O ano é 2097 e o presidente e um
servidor seu, talvez um anjo, passa
ao delírio de seu último ritual público.
E então o que se tem é bem pouco
ordenado. Maura Baiocchi, que
aprendeu com Kazuo Ohno e é o
maior expoente brasileiro do butô
(a dança de gestos frágeis nascida
do encontro do teatro tradicional
japonês com a cultura ocidental),
expõe na peça bem mais do que essa influência original.
Ela escreveu, dirige, protagoniza
e fez cenário, figurinos e trilha sonora.

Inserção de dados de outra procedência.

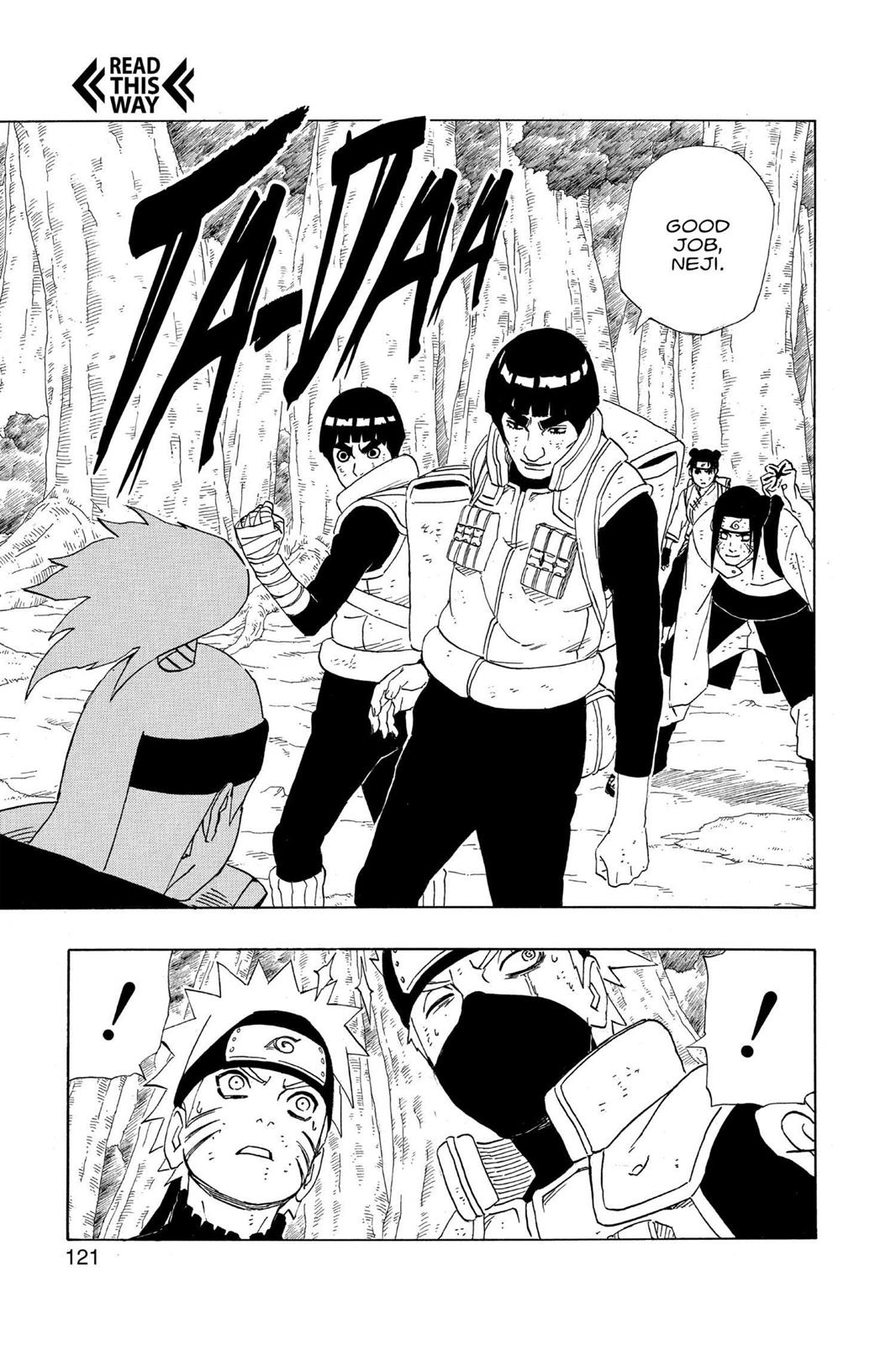 Naruto Chapter 277 — page 15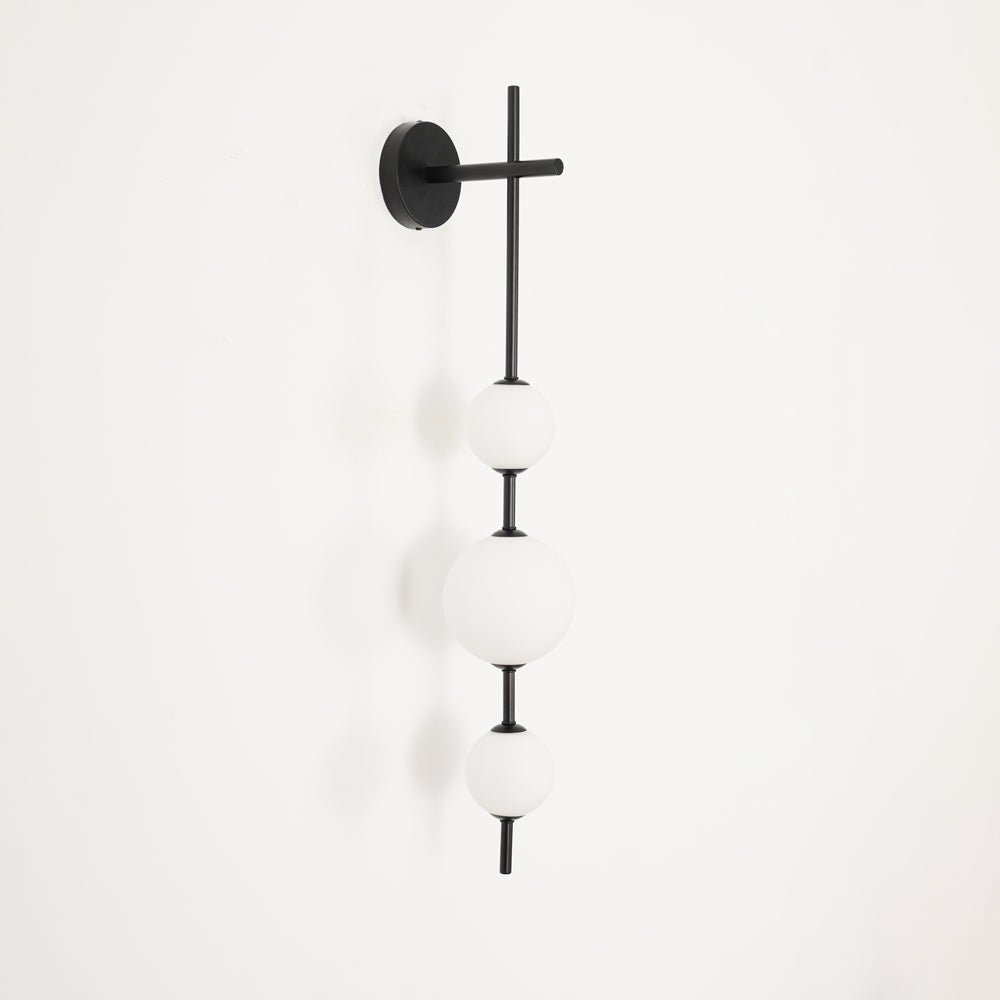 Miriiella wandlamp Verticale Bol Minimalistisch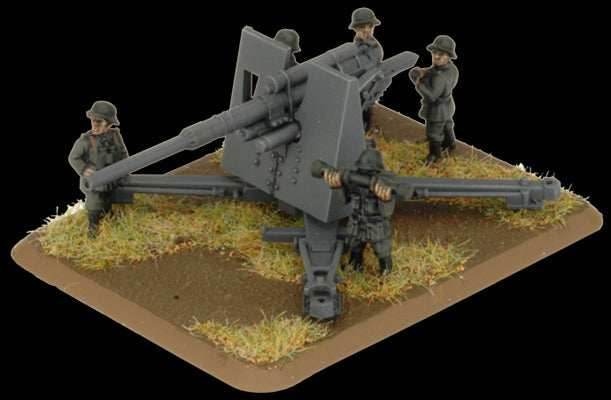 Flames of War: German 8.8cm Heavy AA Platoon (Mid War) - 
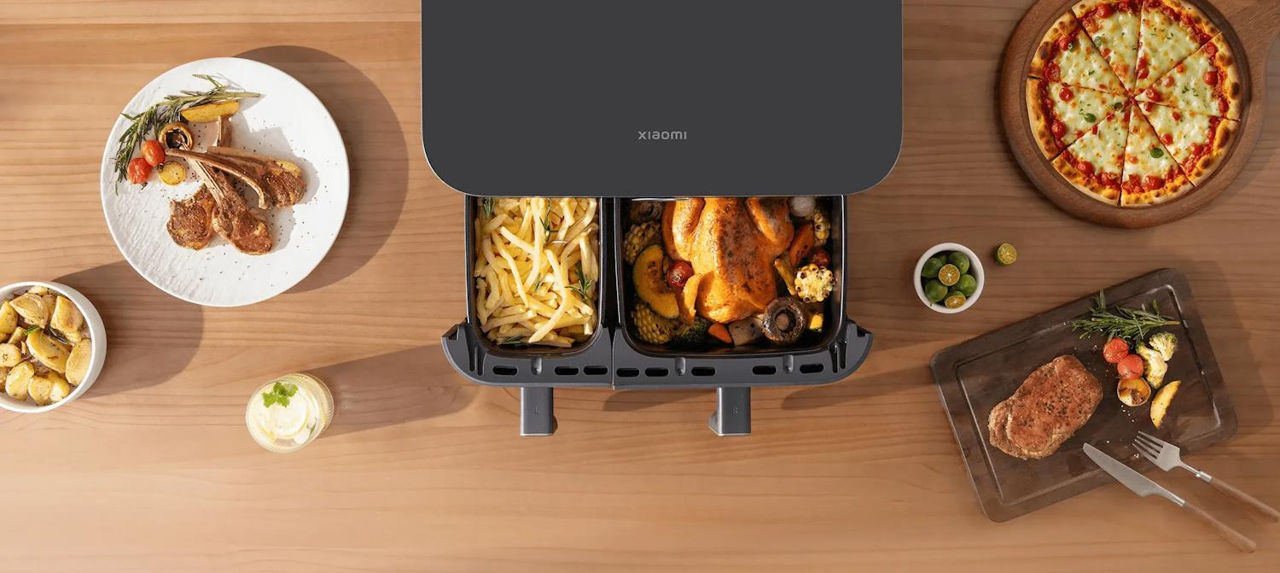 Xiaomi Dual Zone 10L Black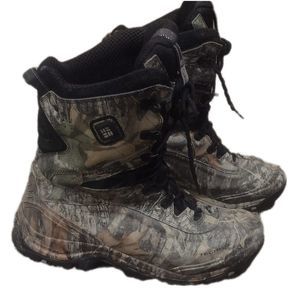 Men Camouflage Columbia Boots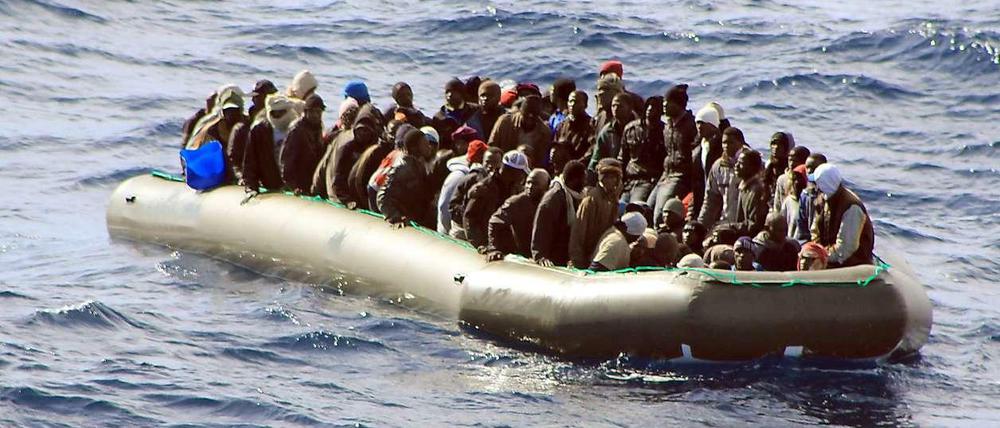 Mehr als 100.000 Flüchtlinge sind seit Jahresbeginn in Italien angekommen.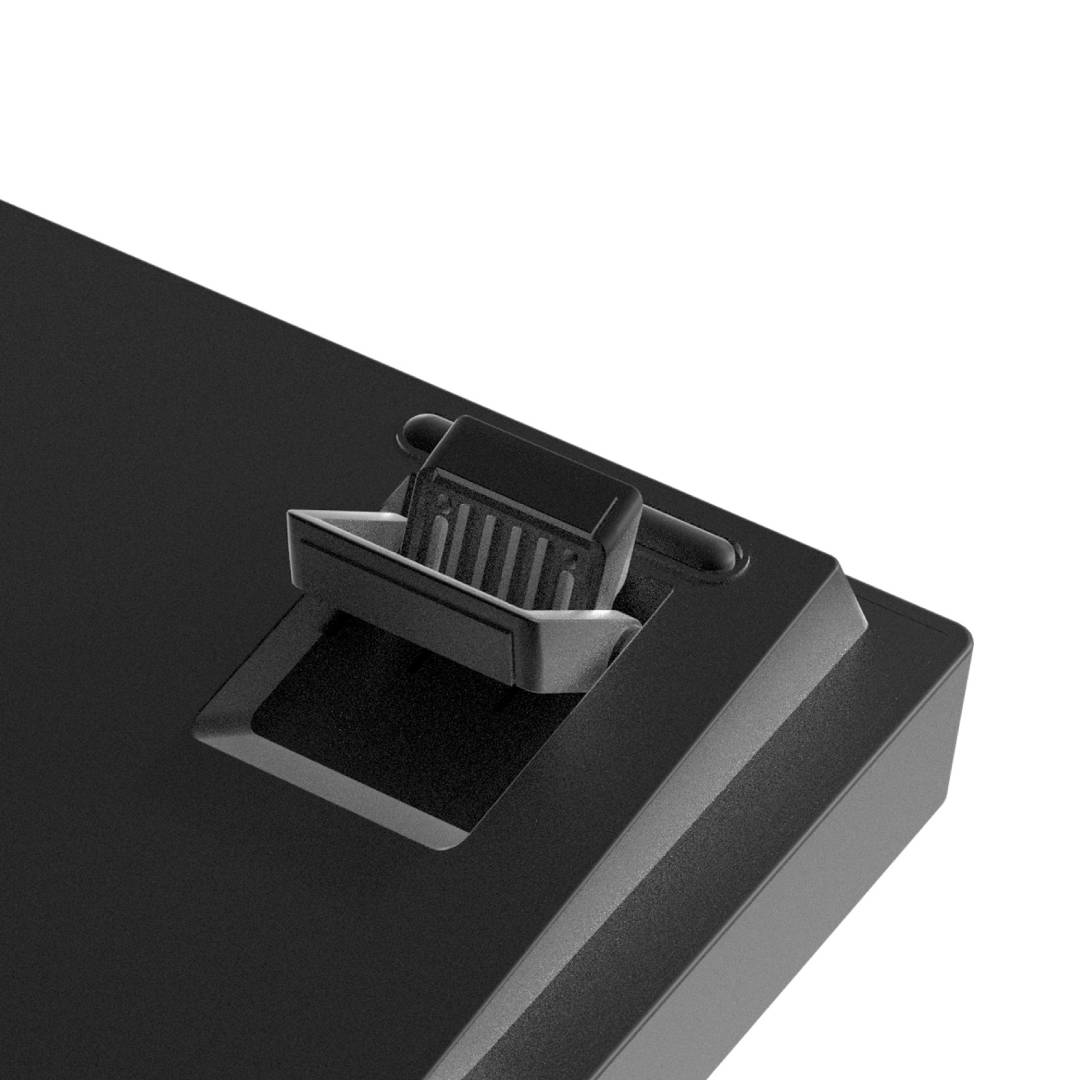 Teclado Inalámbrico Fantech MK921 MAXFIT8 Black Switch White - Imagen 4
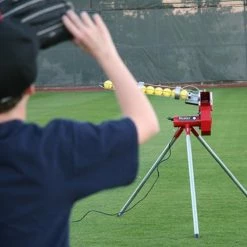 Heater Sports Heater Baseball Pitching Machine W/ Auto Ball Feeder HTR6000BBC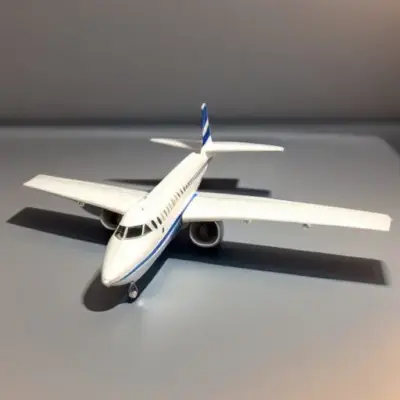 JawsTec 3D Printed Private Plane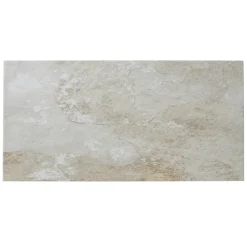 GoodHome Carrelage Mural Pour Wc|Carrelage Mural Pour Salle De Bains<Carrelage sol intérieur beige effet pierre 61,5 x l.30,8 cm x ép.8 mm, Shaded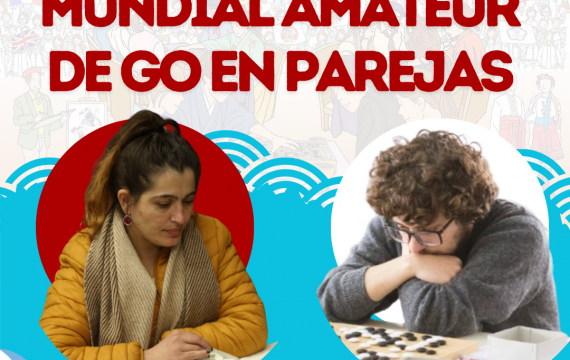 Gissella Gastin y Nahuel García participarán el 34.o Campeonato Mundial Amateur de Go en Parejas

E o que põe em cena é uma
sátira de si mesma, se tal é possível,
ou do tempo presente.
Brinca, por exemplo, com o misticismo corrente. Seu personagem
lembra que vai morrer após
"transmigrar nove vezes, como
crisântemo, digo, girassol da Rússia, abelha rainha, abelha operária,
Tarzan, osso duro de roer, Bambi,
pedra no sapato..."
Em seu encadeamento algo surreal, trata-se de uma comédia que
avança pelo pastelão, ainda que
em palhaçada consciente. Faz lembrar, até por compor-se durante
quase todo o tempo de um único
personagem discursando, o
"stand-up" americano.
E Baiocchi se prova uma comediante de qualidade. Ganha humor
com simples mudanças no tom de
voz, explora palavras de som esdrúxulo e brinca com o público,
seus "adoradores da mentira
principal". Mentira que, pelo que
indica em certa altura, é o "eu
profundo", sendo que o público
acredita em tal impostura.
A peça é carregada de assumidas
referências. A música que abre e
fecha a apresentação é "Assim Falou Zaratustra", de Richard
Strauss, a mesma que colou na
mente popular em "2001, Uma
Odisséia no Espaço". Quaisquer
discursos de alta cultura vêm ridicularizados, democratizados.
Antonin Artaud, o artista e teórico francês que inspirou a peça anterior de Baiocchi, que abriu a nova fase da artista, "desce" na protagonista e comunica seus oráculos em patético "diálogo". Por vezes dominando sua mão, para escrever, em outras sua língua, que
se perde sem comando.
"Hamlet" dá as caras, mas para
ser igualmente ridicularizado.
"Ser ou não ser", diz o presidente
moribundo, "será brevemente
uma questão ultrapassada".
Com Artaud e sua fascinação pelo ritual iconoclasta dos tarahumaras, índios mexicanos, Baiocchi
faz uma inesperada crítica à "mexicanização" da cultura "em todo
o mundo". E vai para a dança ritual ao som de uma inacreditável
"Cucurucucu Paloma".
No ápice da comédia, avança sobre Apolo e Dionísio, razão e emoção, expostos em cena como "ereção dupla", dois falos que contracenam com um fantoche que é a
própria "vagina dentada".
Apolínea apesar de dionisíaca,
Baiocchi é extremamente rigorosa
em meio à maior, como diz, "sacanagem". Na qualidade visual e
no apuro gestual da encenação, é
de um cuidado obsessivo.
Valter Felipe, que faz seu lugar-tenente e sucessor, é o exemplo acabado dessa integração ideal
que Baiocchi/presidente proclama
abertamente. O ator tem cada movimento seu milimetrado, e ao
mesmo tempo com um abuso,
uma desfaçatez fascinante.
Peça: Histórias que os Ossos Cantam
Quando: qua a sex, às 21h
Onde: Funarte, sala Guiomar Novaes (al.